* DATA SUPPLIED

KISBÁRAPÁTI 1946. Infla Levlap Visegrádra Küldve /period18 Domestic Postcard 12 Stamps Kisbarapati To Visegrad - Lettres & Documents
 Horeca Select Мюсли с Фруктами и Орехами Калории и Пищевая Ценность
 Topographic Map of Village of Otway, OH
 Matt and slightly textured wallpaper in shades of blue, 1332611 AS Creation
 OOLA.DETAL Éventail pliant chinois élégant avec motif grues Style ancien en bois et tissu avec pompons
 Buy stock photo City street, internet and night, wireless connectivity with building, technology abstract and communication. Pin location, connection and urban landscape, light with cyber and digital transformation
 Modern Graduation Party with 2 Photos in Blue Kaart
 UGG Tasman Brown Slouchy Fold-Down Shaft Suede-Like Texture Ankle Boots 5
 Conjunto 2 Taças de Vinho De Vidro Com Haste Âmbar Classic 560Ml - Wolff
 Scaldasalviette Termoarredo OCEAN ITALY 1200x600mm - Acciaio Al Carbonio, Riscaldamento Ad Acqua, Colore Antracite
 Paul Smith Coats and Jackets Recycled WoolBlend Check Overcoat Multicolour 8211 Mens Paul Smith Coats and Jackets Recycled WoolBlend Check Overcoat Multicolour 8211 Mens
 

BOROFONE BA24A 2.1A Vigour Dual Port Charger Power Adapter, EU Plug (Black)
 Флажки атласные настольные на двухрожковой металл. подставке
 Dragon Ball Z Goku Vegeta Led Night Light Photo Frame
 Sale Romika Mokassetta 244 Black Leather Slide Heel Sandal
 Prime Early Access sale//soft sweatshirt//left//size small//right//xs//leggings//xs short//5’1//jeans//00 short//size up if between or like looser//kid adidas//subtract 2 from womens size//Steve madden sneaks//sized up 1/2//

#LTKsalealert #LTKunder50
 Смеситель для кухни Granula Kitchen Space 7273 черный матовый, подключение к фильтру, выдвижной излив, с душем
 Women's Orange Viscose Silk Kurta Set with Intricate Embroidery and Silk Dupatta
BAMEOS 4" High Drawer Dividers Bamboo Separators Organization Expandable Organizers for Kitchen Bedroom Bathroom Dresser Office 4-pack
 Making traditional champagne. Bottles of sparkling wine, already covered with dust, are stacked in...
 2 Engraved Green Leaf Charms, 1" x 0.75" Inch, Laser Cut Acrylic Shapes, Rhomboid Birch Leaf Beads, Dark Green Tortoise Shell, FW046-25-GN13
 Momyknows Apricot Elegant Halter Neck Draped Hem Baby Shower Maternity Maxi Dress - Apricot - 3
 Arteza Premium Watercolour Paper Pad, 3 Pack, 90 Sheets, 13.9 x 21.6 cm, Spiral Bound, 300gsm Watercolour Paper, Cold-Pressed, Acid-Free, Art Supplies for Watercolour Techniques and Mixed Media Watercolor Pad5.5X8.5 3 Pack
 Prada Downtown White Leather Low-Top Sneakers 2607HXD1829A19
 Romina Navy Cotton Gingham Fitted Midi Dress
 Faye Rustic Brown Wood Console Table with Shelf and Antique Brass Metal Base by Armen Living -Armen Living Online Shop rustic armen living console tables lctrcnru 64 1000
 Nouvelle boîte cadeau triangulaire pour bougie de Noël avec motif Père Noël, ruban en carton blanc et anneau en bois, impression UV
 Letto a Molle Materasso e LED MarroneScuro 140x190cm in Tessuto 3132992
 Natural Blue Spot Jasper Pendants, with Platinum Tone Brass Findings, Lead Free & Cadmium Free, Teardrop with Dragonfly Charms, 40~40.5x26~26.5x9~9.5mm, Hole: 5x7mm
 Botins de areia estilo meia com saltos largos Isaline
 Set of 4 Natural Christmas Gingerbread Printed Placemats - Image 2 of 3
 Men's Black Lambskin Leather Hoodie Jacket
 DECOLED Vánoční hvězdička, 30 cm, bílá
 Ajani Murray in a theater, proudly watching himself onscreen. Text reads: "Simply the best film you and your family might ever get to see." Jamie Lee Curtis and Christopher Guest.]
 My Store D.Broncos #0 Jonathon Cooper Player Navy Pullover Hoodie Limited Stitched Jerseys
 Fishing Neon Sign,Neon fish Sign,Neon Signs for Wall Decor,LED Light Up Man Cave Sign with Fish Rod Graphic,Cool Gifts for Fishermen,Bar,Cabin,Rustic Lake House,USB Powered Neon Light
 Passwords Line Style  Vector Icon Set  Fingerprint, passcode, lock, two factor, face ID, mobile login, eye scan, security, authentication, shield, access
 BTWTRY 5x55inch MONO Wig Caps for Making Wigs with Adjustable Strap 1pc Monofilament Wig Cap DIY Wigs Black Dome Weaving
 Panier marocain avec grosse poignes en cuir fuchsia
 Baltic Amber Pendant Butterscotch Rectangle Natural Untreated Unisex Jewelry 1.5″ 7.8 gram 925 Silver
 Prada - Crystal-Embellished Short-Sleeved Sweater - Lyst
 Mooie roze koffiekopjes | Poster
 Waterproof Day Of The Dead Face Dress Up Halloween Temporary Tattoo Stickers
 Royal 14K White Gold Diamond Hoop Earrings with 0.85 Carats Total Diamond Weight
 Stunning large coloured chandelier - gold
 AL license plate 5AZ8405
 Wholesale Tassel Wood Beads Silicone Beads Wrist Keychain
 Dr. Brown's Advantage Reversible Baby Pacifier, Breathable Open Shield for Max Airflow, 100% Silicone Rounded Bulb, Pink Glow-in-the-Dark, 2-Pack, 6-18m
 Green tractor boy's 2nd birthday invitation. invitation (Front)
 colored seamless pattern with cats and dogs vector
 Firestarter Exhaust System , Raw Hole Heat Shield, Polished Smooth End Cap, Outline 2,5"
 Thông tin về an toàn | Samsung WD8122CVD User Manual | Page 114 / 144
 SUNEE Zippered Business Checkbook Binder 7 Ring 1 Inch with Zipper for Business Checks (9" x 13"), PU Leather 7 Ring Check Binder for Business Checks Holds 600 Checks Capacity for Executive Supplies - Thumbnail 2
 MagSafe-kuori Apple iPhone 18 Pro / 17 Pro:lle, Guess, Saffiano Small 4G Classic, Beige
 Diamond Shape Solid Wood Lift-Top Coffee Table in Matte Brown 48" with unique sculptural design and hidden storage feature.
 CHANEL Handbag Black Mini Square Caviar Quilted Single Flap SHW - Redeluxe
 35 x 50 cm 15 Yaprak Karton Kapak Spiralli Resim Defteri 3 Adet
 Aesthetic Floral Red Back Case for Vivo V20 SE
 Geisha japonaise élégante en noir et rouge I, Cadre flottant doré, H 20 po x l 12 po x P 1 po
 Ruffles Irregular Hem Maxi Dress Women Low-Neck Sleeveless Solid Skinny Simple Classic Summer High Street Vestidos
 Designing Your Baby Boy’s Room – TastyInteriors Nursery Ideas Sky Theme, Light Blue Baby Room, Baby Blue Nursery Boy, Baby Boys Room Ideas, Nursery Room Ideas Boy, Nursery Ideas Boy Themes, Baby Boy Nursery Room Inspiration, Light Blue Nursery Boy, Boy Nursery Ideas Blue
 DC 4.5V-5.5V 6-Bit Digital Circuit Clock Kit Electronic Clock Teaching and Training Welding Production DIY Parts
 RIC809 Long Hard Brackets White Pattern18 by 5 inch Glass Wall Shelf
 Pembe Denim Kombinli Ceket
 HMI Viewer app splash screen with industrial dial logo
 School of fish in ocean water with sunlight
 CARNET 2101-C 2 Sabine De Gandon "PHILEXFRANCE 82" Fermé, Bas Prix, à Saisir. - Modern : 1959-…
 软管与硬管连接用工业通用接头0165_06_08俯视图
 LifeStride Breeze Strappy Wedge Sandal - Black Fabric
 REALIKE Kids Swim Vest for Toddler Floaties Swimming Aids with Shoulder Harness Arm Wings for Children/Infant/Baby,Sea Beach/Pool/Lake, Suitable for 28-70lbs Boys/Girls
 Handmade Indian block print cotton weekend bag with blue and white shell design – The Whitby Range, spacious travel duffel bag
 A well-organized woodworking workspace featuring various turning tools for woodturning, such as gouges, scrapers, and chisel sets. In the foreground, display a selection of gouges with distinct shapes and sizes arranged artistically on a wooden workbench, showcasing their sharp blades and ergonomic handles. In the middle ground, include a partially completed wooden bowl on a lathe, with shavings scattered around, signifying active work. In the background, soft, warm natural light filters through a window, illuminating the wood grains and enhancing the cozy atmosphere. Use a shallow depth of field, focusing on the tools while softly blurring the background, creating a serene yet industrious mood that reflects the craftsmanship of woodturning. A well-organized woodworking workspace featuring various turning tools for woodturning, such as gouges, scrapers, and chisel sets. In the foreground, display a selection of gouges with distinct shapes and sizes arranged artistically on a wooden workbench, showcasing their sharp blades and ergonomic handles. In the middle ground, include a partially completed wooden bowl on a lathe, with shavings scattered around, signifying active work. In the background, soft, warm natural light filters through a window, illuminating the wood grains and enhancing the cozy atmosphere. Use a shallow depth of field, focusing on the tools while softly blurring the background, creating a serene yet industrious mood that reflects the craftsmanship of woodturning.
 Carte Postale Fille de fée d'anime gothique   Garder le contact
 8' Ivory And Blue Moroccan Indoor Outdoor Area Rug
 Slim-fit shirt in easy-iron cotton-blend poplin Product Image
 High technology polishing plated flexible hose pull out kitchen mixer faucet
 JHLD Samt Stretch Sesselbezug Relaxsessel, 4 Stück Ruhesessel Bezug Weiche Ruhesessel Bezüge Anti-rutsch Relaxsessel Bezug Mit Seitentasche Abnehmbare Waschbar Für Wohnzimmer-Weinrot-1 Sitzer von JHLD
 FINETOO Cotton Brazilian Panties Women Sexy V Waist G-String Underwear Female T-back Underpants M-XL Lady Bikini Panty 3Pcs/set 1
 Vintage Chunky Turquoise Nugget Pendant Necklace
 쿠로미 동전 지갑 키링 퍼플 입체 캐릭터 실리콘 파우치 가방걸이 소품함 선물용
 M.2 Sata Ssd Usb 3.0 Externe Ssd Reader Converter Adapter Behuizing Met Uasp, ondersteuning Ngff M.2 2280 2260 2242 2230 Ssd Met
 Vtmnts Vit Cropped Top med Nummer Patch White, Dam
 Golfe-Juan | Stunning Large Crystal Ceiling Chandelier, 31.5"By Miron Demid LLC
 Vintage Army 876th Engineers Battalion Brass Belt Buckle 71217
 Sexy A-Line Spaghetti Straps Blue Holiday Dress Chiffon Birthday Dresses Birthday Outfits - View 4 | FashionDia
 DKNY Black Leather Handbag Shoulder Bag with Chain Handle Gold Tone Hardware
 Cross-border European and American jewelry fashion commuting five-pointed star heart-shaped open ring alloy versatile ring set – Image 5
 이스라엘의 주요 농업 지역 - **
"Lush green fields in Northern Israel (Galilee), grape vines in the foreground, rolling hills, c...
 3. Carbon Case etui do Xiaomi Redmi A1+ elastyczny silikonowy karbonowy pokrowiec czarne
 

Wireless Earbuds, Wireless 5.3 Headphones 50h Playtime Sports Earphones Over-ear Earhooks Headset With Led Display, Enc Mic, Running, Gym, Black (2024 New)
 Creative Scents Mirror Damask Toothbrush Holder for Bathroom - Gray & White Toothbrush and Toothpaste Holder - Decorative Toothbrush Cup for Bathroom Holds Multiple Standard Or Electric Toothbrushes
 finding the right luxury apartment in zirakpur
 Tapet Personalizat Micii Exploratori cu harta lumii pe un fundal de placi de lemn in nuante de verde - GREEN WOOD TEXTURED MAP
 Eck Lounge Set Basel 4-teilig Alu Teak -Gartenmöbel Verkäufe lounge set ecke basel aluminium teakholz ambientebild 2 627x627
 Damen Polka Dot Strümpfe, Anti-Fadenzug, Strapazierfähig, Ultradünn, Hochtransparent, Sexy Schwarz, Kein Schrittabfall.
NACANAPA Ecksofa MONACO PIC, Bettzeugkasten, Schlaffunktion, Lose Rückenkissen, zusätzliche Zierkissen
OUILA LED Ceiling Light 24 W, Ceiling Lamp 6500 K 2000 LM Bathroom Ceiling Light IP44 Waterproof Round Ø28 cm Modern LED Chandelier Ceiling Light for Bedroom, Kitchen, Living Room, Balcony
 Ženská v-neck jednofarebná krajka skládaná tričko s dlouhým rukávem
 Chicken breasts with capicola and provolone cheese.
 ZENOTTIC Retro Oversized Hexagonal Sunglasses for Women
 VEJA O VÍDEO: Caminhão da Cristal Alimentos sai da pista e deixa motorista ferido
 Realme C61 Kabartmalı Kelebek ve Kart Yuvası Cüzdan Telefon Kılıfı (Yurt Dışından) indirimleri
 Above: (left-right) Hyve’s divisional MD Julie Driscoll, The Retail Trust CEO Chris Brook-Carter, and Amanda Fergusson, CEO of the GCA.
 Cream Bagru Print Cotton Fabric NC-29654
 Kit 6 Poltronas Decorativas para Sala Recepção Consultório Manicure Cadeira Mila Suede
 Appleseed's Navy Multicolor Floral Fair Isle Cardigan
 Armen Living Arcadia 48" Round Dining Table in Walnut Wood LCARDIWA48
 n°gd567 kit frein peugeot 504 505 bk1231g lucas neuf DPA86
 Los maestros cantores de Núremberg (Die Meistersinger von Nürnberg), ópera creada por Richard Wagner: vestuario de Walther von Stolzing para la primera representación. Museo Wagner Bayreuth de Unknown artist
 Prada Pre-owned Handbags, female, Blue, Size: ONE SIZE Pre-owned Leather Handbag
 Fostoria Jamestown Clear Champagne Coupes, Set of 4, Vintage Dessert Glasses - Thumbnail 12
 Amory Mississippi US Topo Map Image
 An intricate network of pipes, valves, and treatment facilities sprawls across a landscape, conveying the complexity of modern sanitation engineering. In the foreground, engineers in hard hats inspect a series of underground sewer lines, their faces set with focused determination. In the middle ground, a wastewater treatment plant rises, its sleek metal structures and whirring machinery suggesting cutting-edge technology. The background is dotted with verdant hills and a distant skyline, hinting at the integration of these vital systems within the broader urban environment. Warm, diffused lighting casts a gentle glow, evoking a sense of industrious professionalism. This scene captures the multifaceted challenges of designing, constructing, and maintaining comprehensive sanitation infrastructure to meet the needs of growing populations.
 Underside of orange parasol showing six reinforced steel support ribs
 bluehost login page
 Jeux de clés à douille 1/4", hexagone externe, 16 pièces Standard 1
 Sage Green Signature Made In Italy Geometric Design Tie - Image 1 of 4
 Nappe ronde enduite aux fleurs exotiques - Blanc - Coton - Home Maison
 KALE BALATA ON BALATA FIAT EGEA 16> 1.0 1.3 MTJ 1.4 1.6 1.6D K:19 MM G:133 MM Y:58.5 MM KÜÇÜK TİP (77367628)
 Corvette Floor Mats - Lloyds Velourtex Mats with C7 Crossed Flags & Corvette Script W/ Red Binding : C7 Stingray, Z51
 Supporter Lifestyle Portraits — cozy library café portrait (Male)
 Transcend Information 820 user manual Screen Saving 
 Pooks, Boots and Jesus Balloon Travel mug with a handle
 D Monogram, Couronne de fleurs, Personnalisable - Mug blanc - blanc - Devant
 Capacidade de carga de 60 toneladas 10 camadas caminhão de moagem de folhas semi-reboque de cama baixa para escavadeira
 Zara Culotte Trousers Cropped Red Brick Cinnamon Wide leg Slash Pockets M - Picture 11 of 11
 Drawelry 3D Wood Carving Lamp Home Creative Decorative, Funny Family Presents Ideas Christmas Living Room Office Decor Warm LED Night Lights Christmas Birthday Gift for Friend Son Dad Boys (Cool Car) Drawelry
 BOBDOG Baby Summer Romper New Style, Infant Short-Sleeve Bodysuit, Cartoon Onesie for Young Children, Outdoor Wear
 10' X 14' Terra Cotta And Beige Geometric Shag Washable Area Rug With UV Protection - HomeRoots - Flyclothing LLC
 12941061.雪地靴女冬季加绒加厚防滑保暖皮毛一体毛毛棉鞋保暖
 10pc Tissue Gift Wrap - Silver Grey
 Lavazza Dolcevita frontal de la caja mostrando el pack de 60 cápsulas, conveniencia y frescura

* WHAT IS NEEDED
An exact copy of the lines above, from the one containing "Флажки атласные настольные" through the one containing "Prime Early Access", is the whole of the answer.

* ANSWER AREA
 Флажки атласные настольные на двухрожковой металл. подставке
 Dragon Ball Z Goku Vegeta Led Night Light Photo Frame
 Sale Romika Mokassetta 244 Black Leather Slide Heel Sandal
 Prime Early Access sale//soft sweatshirt//left//size small//right//xs//leggings//xs short//5’1//jeans//00 short//size up if between or like looser//kid adidas//subtract 2 from womens size//Steve madden sneaks//sized up 1/2//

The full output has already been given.